The horizontal lines that make up the Fibonacci retracements signal support and resistance levels. They are calculated based on percentages of motion between the most recent high and low--the three most commonly used being 62% (or specifically 61.8%), 50% and 38% (or specifically 38.2%).

When a stock reaches a new high and then falls to a support level, it typically retraces some portion of its upward trajectory until it faces resistance at one of the Fibonacci retracements.

In the case of Google, with a high established at $747.24 and a low put in place at $616.02, the following retracements are derived: 38% equals $665.32, 50% equals $681.93 and finally, 62% equals $697.55.

Yesterday's price reversal near the upper Fibonacci retracement level illustrates the resistances Google will face before it continues its climb to the top, set at $747.24.

In the short term, look for traders to proceed with caution when it comes to Google. We expect that Google will have to do a great deal more backing and filling south of the upper band (62%) of the Fibonacci levels. We would avoid trying to pick a bottom and would only consider going long Google when the Moving Average Convergence Divergence turns positive.

Adam Hewison is president of INO.com. More of Hewison's charts and analysis are available at MarketClub and Ino.com.


Forbes is a registered trademark of Forbes


Forget the pain at the pump ...

Forget the pain at the pump ...

Here's how I see it this Tuesday morning.

The pain in the market should not be hurting you if you have been reading this blog and using our "Trade Triangle" technology.
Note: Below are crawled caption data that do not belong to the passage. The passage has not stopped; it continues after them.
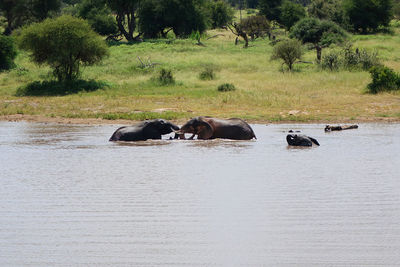 View of horses on the ground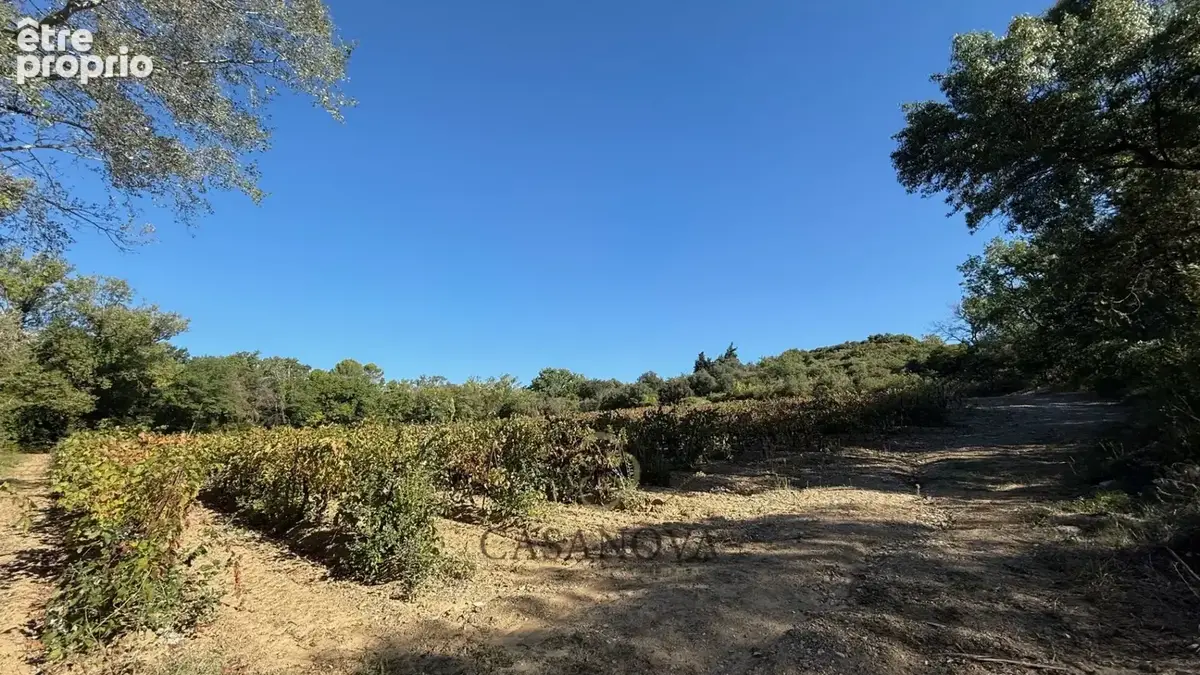 Domaine de 32 hectares en bord de rivière avec deux batisses entièrement rénovées, piscines et potentiel touristique en Occitani - photo 4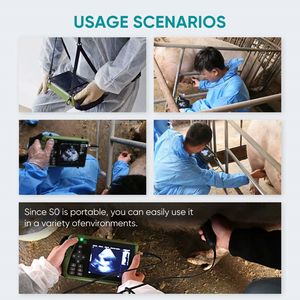 2.5Mhz 3.0Mhz 3.5Mhz 5.0Mhz探头频率绵羊猪猫狗怀孕诊断兽医超声诊断系统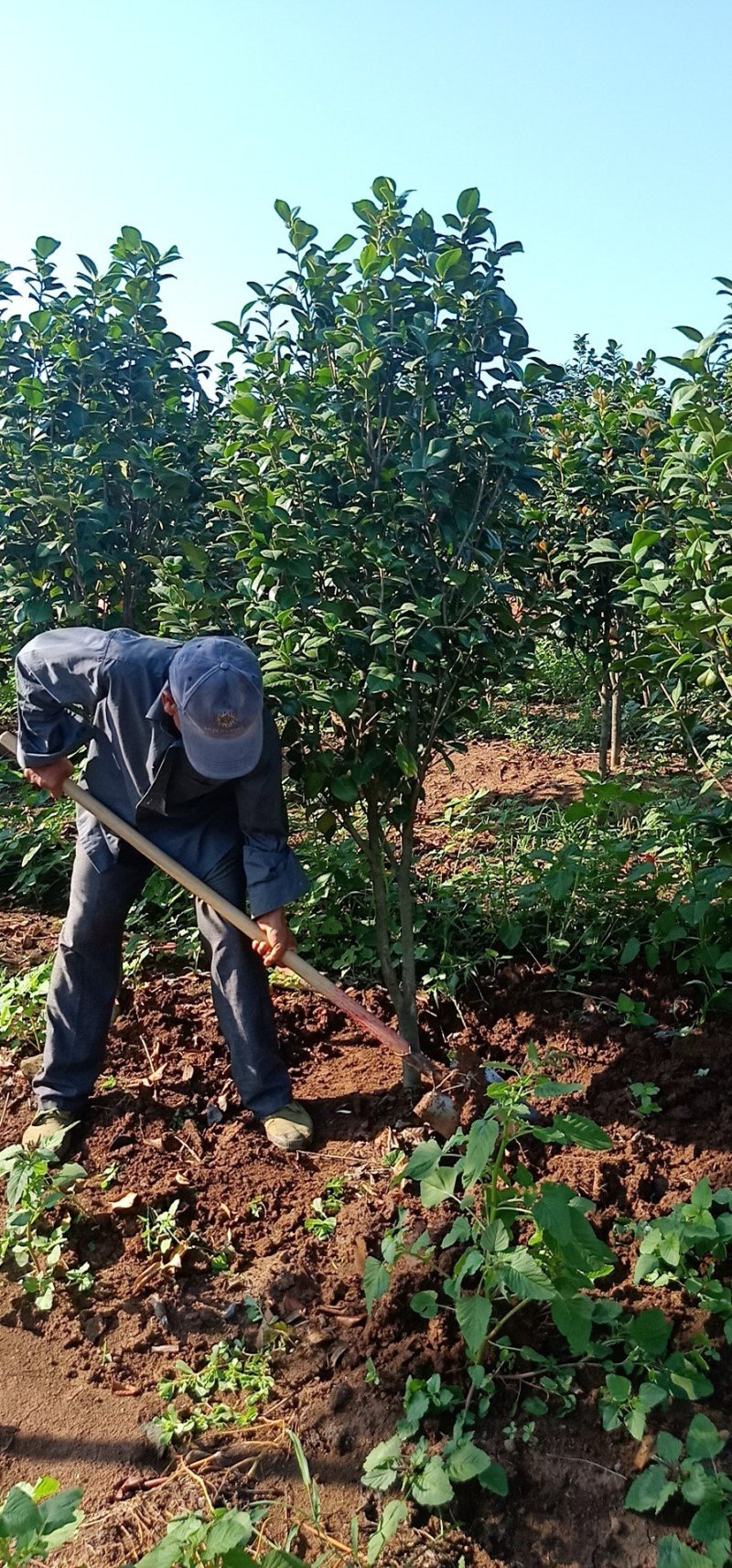 茶花2-5公分大量供应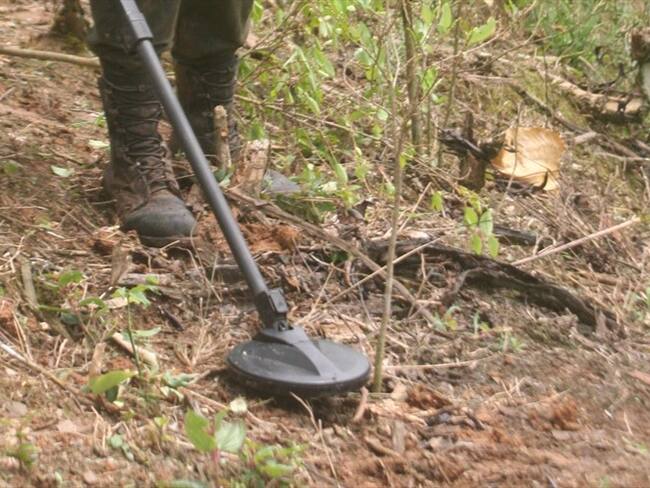 Gobernador de Nariño pide al Gobierno ayuda para sustituir cultivos ilícitos en Tumaco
As a matter of fact if you have been following our approach to trading with our "Trade Triangles" you should have had an excellent year like Milt in Virginia.



"When I started using the MarketClub, I checked out your signals versus the signals I generate for a few weeks. I used mine to verify yours… now I use yours to verify mine and the profits have been astounding!"
Milt Fall, Virginia


Thanks Milt. I am glad that our "Trade Triangle" technology is working well for you.

P.S. If you are not yet using our "Trade Triangles" you can check them out here risk free.


We have thousands of investors like Milt, who use MarketClub successfully everyday to make important investment decisions. Are you one of them? If not, find out how MarketClub can help you safely navigate the iceberg laden investment waters.

Now it's time to zip back in blog time and revisit perhaps the most important SEC rule change in my entire investment lifetime. It's called the "UP TICK RULE" watch the video here and see why the SEC abolished it to the detriment on every stock investor.

I believe that this rule change along with the growth of hedge funds have all contributed to the markets downturn. There are of course other contributing factors for the economy which have all added to declining stock prices, like record high oil prices, the sub-prime disaster and all the CDO and SIVs that are imploding.

Is the economy going to get better anytime soon? Not in my opinion. See what I predicted on Bloomberg TV on September 13th when I indicated that spiraling raw material prices and a falling dollar would present a bleak picture for the U.S. economy and stocks.

Now more than ever ... be prepared and be disciplined in your trading.